Return the lines from the line containing "El Raspadito - Vanilla raspado with lechera." through the last line of the material below, exactly as they appear and with no others.

THE DATA -
_ _ _ _ _ _ _

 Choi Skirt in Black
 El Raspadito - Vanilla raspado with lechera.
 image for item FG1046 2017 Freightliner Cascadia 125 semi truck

_ _ _ _ _ _ _

RESPONSE AREA -
 El Raspadito - Vanilla raspado with lechera.
 image for item FG1046 2017 Freightliner Cascadia 125 semi truck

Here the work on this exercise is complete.